Il semble donc que du point de vue politique, mener des réformes fiscales est loin d’être une sinécure. Même quand il s’agit de changements pour lesquels il convient d’agir rapidement. Cela suscite évidemment des questions. Car soyons réalistes, la baisse de l’impôt des sociétés est une nécessité absolue, mais il ne s’agit pas du défi majeur auquel est confronté le législateur fiscal. Il existe en effet un vaste consensus selon lequel le Code des impôts sur le revenu et – par extension – tout notre système fiscal, est devenu au fil des ans un monstrueux labyrinthe légistique. 

Une réflexion approfondie sur notre fiscalité, dans laquelle il convient de répondre à cinq questions élémentaires, s’impose donc de toute urgence. Ces questions sont : (1) quelle est la justification de base que le système fiscal doit exprimer et comment est-elle transposée dans l’imposition concrète ; (2) comment la fiscalité peut-elle être simplifiée, afin qu’il soit possible de procéder simplement à la détermination, au contrôle et à la perception de l’impôt et – si possible – de combattre également la fraude ; (3) comment cette fiscalité doit-elle se situer par rapport aux besoins financiers de l’administration ; (4) comment la fiscalité doit-elle être modifiée pour être équitable tout en étant capable de défendre notre position concurrentielle dans le monde digitalisé et globalisé d’aujourd’hui ainsi que dans les futures évolutions ; (5) de quelle manière les paquets de compétences peuvent-ils être répartis plus clairement et fonctionnellement entre les régions et le niveau fédéral.            

Poser les questions est une chose, mais formuler des réponses en est une autre. Il se pose aussi inévitablement la question de savoir de quelle façon un consensus a un jour pu se former à ce sujet. Les finances publiques ne laissent pas une grande marge de réflexion – pourtant essentielle – à la classe politique actuelle. Le remembrement fiscal est au contraire un travail de longue haleine. Mais même une longue législature comme celle que nous connaissons aujourd’hui n’est manifestement pas assez longue. Et surtout, une réforme approfondie exige une large acceptation sociale. Cette acceptation doit pouvoir être soutenue en partant de différentes approches : juridique, sociale, économique, éthique et politique.

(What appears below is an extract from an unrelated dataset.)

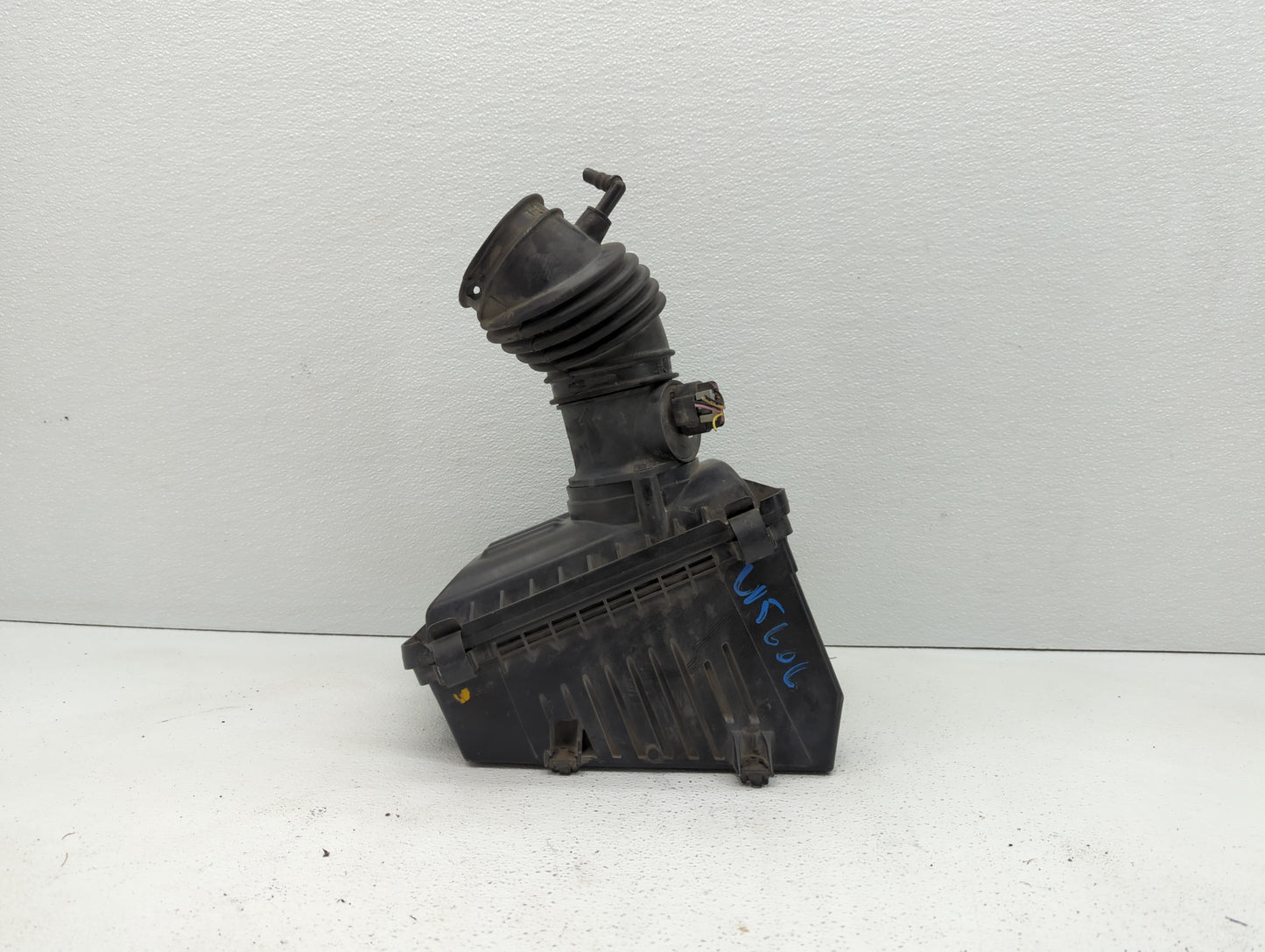2006-2011 Cadillac Dts Mass Air Flow Meter Maf - Oemusedautoparts1.com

Et tout aussi évident, le groupe de personnes parmi lesquelles cette acceptation doit être trouvée ne se limite pas aux politiciens, mais s’étend à toutes les parties concernées, c’est-à-dire à la société. Un exercice aussi complexe ne peut donc pas être réalisé à court terme.

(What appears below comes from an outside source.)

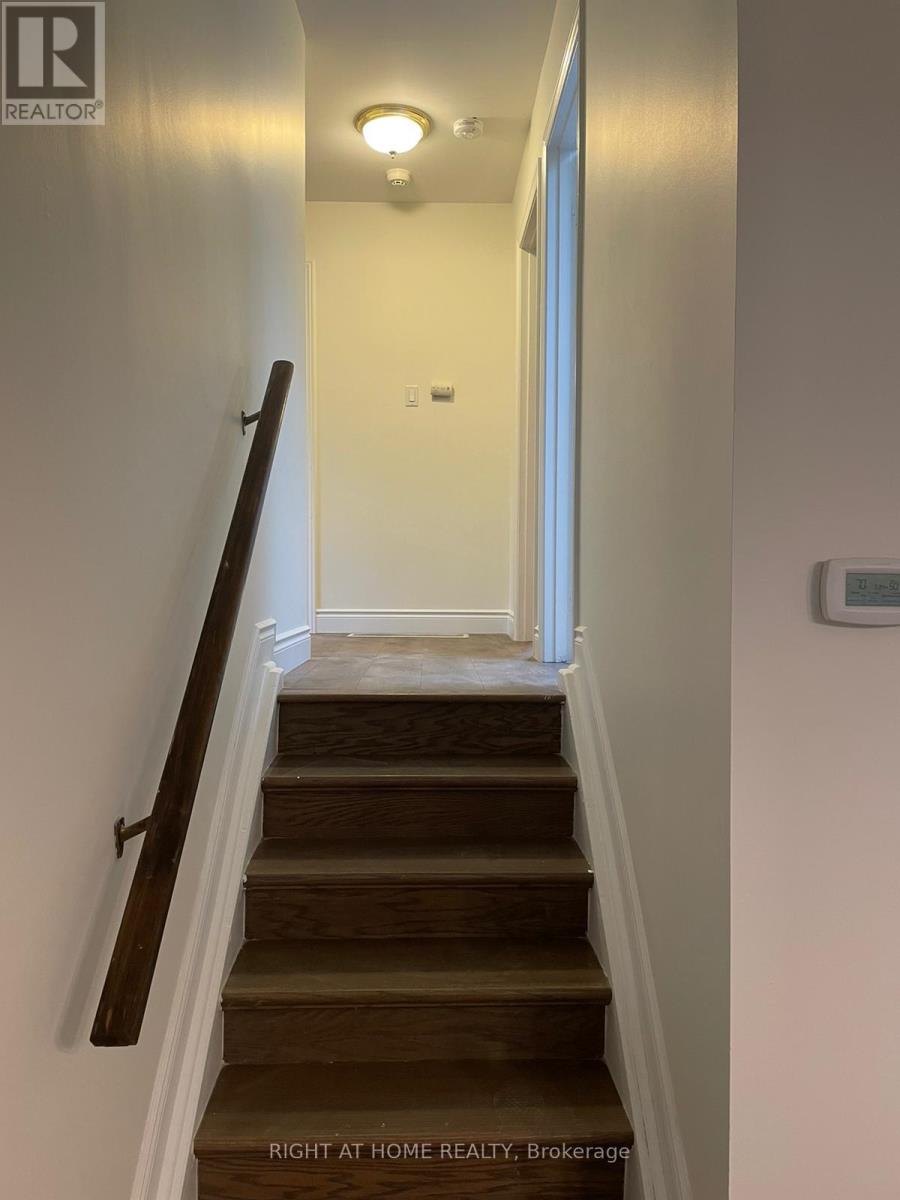 Main - 135 Avondale Boulevard, Brampton, Ontario  L6T 1H5 - Photo 9 - W13142220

L’histoire montre par ailleurs que de grandes réformes doivent être longuement et soigneusement préparées. Cela doit bien sûr se faire au-delà du clivage des partis. Il s’agit toutefois d’une condition nécessaire, mais pas suffisante. La préparation doit être faite par des  scientifiques, des experts du vécu et d’autres experts. Leur tâche ne consiste évidemment pas à faire des choix, mais à mettre à nu les options élémentaires qui, plus tard, pourront être utilisées comme les fondements d’une réforme.

Ce faisant, la question se pose de savoir à quoi nous devons encore nous attendre. Si l’ambition est de mettre en branle une grande réforme fiscale, cela peut se faire de manière très simple. Aucune législature n’est à cet effet trop courte ou trop avancée. Il suffit de composer une commission d’experts et de la charger de chercher un plan de base et un plan d’attaque. Je dirais même presque que cela ne nécessite que quelques minutes de courage politique. Mais l’histoire récente nous a montré qu’un tel moment de courage politique peut se faire attendre très longtemps. Si attendre le courage n’est pas toujours une erreur, cela l’est en tout cas dans cette situation. La balle est donc dans le camp du politique, mais elle l’était en fait depuis toujours.